Une Saoudienne bouleverse l’art du café arabe

En Arabie Saoudite, déguster un café est un rituel aussi apprécié que laborieux. Fatiguée de devoir consacrer 30 minutes à la préparation de son arabica, Latifa al-Waalane a eu une idée révolutionnaire.

 

Cette jeune entrepreneuse saoudienne a développé, grâce à un programme gouvernemental de soutien à l’innovation, la première machine capable de préparer presque instantanément un café arabe traditionnel.
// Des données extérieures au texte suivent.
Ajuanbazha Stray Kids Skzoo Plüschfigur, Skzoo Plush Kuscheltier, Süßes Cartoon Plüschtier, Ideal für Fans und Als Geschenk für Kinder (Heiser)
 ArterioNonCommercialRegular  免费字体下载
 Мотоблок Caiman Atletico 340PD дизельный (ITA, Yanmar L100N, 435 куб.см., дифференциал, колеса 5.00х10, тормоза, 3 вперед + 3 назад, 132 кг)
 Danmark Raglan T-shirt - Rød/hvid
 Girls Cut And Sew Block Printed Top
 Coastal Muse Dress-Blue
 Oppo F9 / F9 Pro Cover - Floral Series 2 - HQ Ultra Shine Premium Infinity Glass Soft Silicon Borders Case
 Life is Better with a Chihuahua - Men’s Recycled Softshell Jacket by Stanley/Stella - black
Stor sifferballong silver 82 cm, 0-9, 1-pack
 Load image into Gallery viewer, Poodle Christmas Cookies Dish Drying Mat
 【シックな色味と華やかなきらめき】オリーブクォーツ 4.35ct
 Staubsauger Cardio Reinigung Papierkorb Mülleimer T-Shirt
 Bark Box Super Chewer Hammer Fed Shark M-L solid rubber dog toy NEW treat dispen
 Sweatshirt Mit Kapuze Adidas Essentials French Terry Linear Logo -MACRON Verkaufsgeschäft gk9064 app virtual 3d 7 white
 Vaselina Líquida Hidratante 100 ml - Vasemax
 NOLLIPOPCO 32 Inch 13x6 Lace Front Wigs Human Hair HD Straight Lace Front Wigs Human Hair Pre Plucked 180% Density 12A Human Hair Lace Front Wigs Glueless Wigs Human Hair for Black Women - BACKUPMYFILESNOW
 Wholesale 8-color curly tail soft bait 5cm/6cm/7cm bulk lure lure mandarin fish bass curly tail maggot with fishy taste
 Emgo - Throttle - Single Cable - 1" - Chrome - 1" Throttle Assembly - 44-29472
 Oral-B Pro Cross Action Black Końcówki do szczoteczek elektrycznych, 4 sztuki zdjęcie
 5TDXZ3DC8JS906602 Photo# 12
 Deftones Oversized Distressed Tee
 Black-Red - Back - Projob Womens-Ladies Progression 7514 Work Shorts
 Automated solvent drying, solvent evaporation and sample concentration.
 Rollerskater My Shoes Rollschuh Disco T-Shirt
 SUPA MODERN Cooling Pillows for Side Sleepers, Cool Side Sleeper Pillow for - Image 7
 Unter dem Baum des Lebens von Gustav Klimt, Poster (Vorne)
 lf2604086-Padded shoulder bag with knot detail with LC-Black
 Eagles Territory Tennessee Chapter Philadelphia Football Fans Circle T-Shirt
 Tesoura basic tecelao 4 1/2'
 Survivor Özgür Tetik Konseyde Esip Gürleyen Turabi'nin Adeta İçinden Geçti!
Plus besoin de mélanger soi-même café moulu et cardamome ni de surveiller les ébullitions successives d’un processus sophistiqué aboutissant à une tasse de café traditionnel, reconnaissable à la teinte jaunâtre que lui donne le safran.

«Nous souhaitions fabriquer une machine qui pourrait préparer un café simplement en appuyant sur un bouton, sans avoir besoin d’ustensiles de cuisine et ainsi de suite», explique Latifa al-Waalane.

 

Son entreprise, appelée «Yatooq», est emblématique de l’effort entrepris par la pétromonarchie arabe pour diversifier son économie, alors que les cours du pétrole s’effondrent.

Lancée en 2013, la société de Mme Waalane fait travailler aujourd’hui 90 personnes, avec cette particularité: «l’usine est totalement gérée par des femmes» souligne-t-elle dans son bureau spartiate à Ryad.

Dans une pièce attenante, des femmes portant le vêtement traditionnel noir les couvrant de la tête aux pieds, gèrent les tâches administratives tandis que les grains de café sont torréfiés et moulus dans une autre salle.

Pour développer Yatooq, Latifa al-Waalane a reçu l’aide d’un incubateur de start-up lancé par le gouvernement saoudien pour promouvoir la culture d’entreprise et aider les entrepreneurs dans leurs projets.

Ce projet gouvernemental, connu sous le nom de «Badir», fournit gratuitement à des dizaines de sociétés les outils nécessaires à leur développement, comme des infrastructures et un encadrement professionnel.

 

Mme Waalane a pu créer le prototype de sa machine à café arabe dans le laboratoire industriel de Badir, qui lui a également fourni des conseils juridiques, comptables et un précieux réseau professionnel.

Yatooq est aujourd’hui totalement indépendant. Et si Mme Waalane n’a pas souhaité discuter du chiffre d’affaires de la société, elle affirme que son produit est disponible chez 80% des distributeurs d’électroménager d’Arabie Saoudite et exporté dans les pays voisins du Golfe et même aux Etats-Unis.

Avec quatre incubateurs à travers le royaume, le programme Badir prévoit d’étendre son action au-delà des seuls secteurs de l’industrie de pointe, de la biotechnologie et des technologies de l’information.

La chute d’environ 50% des cours du pétrole l’an dernier a mis l’accent sur le besoin pour l’Arabie Saoudite, premier exportateur mondial d’or noir, de trouver des alternatives économiques. L’effort de diversification engagé devrait se poursuivre sous le règne du nouveau roi Salmane qui a accédé au trône en janvier dernier.

 

Selon une source diplomatique, Badir «est probablement le meilleur exemple» des efforts entrepris par le pays pour exploiter le dynamisme des Saoudiens, faisant mentir les stéréotypes sur leur fainéantise supposée.

Le programme a été mis en place il y a cinq ans par l’agence scientifique nationale. Le gouvernement s’efforce d’augmenter la part de Saoudiens exerçant dans le secteur privé, qui emploie des millions de travailleurs étrangers.

Cet effort concerne aussi les femmes, généralement confrontées à de nombreuses discriminations dans ce pays régi par une version ultra conservatrice de l’islam où la mixité est interdite et où elles ne sont pas autorisées à conduire.

Si la contribution de Badir et des PME locales à l’économie saoudienne est encore limitée, Mme Waalane perçoit une reconnaissance grandissante des entrepreneurs dans le pays.

«Aujourd’hui plus que jamais, c’est vraiment cool d’être entrepreneur», conclut-elle.